La science sait parfois, elle aussi, être une jungle. Carnet du Monde daté du 11 avril 2019. On y apprend la mort, survenue le 5 avril, du Pr Dominique Stéhelin. « Esprit brillant, il appartenait à ces grands chercheurs qui allient une intelligence exceptionnelle à une formidable intuition, résume avec justesse La Voix du Nord. Il avait ainsi apporté une contribution majeure à la découverte des oncogènes, une catégorie de gènes dont l’altération favorise la survenue des cancers. »

Pour l’avoir rencontré à plusieurs reprises dans les années 1980 (pour Le Monde) nous gardons de Dominique Stéhélin le souvenir d’un biologiste hors du commun, brillant, pédagogue, charismatique – le représentant d’une nouvelle génération incarnée quelques années plus tôt par son confrère Philippe Maupas (1939-1981) . Deux hommes promis au Nobel de médecine qui, de manière différente mais également injuste leur échappa.

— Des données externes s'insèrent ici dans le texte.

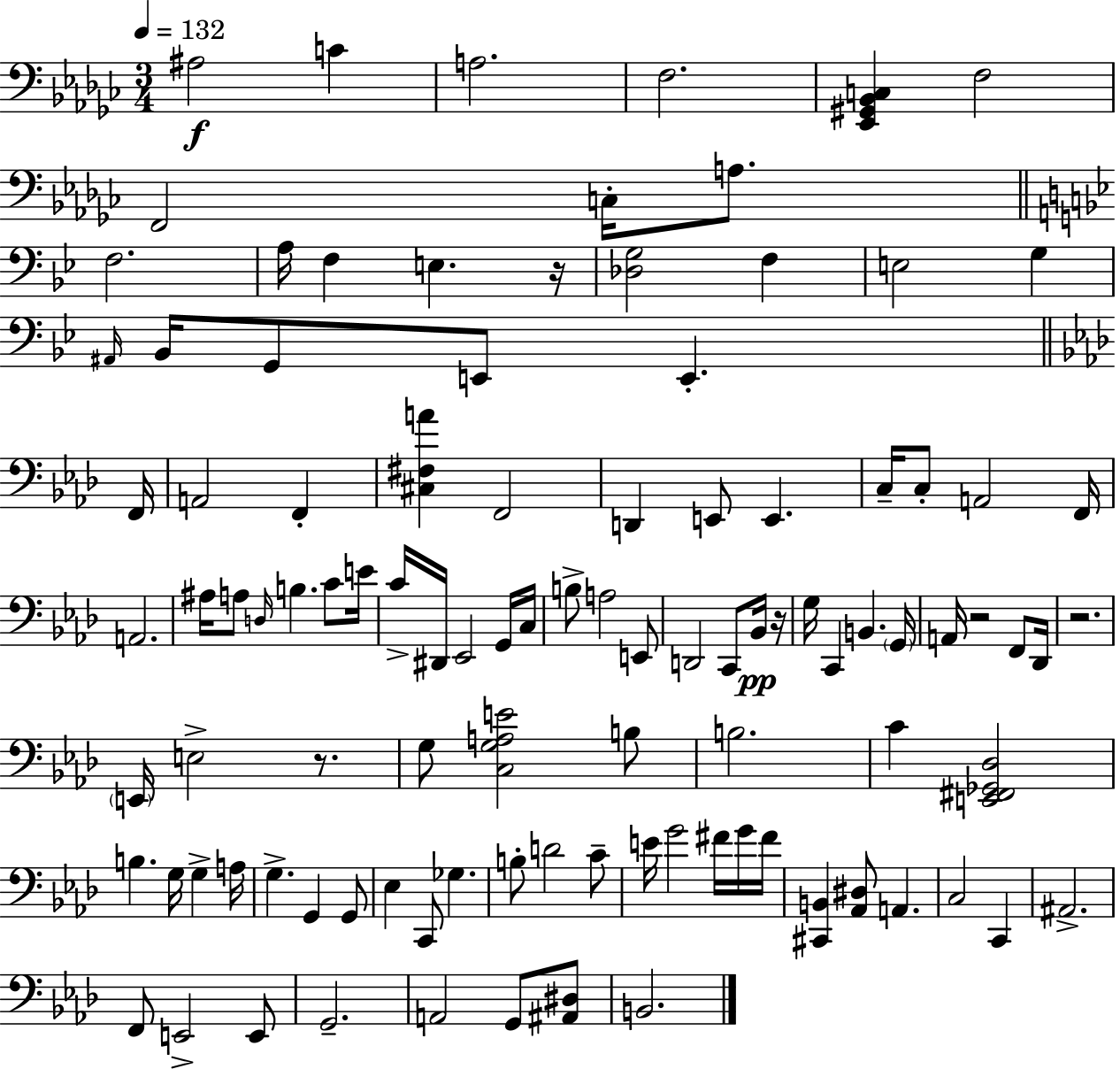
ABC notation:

X:1
T:Untitled
M:3/4
L:1/4
K:Ebm
^A,2 C A,2 F,2 [_E,,^G,,_B,,C,] F,2 F,,2 C,/4 A,/2 F,2 A,/4 F, E, z/4 [_D,G,]2 F, E,2 G, ^A,,/4 _B,,/4 G,,/2 E,,/2 E,, F,,/4 A,,2 F,, [^C,^F,A] F,,2 D,, E,,/2 E,, C,/4 C,/2 A,,2 F,,/4 A,,2 ^A,/4 A,/2 D,/4 B, C/2 E/4 C/4 ^D,,/4 _E,,2 G,,/4 C,/4 B,/2 A,2 E,,/2 D,,2 C,,/2 _B,,/4 z/4 G,/4 C,, B,, G,,/4 A,,/4 z2 F,,/2 _D,,/4 z2 E,,/4 E,2 z/2 G,/2 [C,G,A,E]2 B,/2 B,2 C [E,,^F,,_G,,_D,]2 B, G,/4 G, A,/4 G, G,, G,,/2 _E, C,,/2 _G, B,/2 D2 C/2 E/4 G2 ^F/4 G/4 ^F/4 [^C,,B,,] [_A,,^D,]/2 A,, C,2 C,, ^A,,2 F,,/2 E,,2 E,,/2 G,,2 A,,2 G,,/2 [^A,,^D,]/2 B,,2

« Au début des années 1970, les mécanismes du cancer faisaient l’objet de nombreux débats, rappelle l’Inserm dans la biographie qu’il lu avait consacré. Les uns pensaient que les causes de la cancérisation étaient externes aux cellules (théorie virale des cancers), alors que d’autres défendaient une origine cellulaire des dérèglements cancérigènes (théorie génétique). La connaissance des virus et l’avènement de la biologie moléculaire ont permis de clarifier ce débat. Le premier virus identifié pour causer des tumeurs (sarcomes) chez le poulet fut le virus du sarcome de Rous en 1911 par le chercheur américain Peyton Rous.

 « En 1976, Dominique Stéhelin, alors chercheur détaché du CNRS dans le laboratoire de Michael Bishop à San Francisco, démontre par une technique d’hybridation différentielle, la présence d’un fragment d’ADN du virus du sarcome de Rous dans le génome de cellules normales non infectées. Cela démontrait que le gène src du virus avait sa contrepartie dans les cellules normales et sa caractérisation a permis de montrer que le virus était devenu cancérigène, en incorporant et en modifiant ce gène dans son génome. Quinze ans plus tard, en 1989, le prix Nobel de physiologie et médecine a été décerné pour cette découverte de l’origine cellulaire des oncogènes rétroviraux aux co-auteurs du travail, les américains Michael Bishop et Harold Varmus. »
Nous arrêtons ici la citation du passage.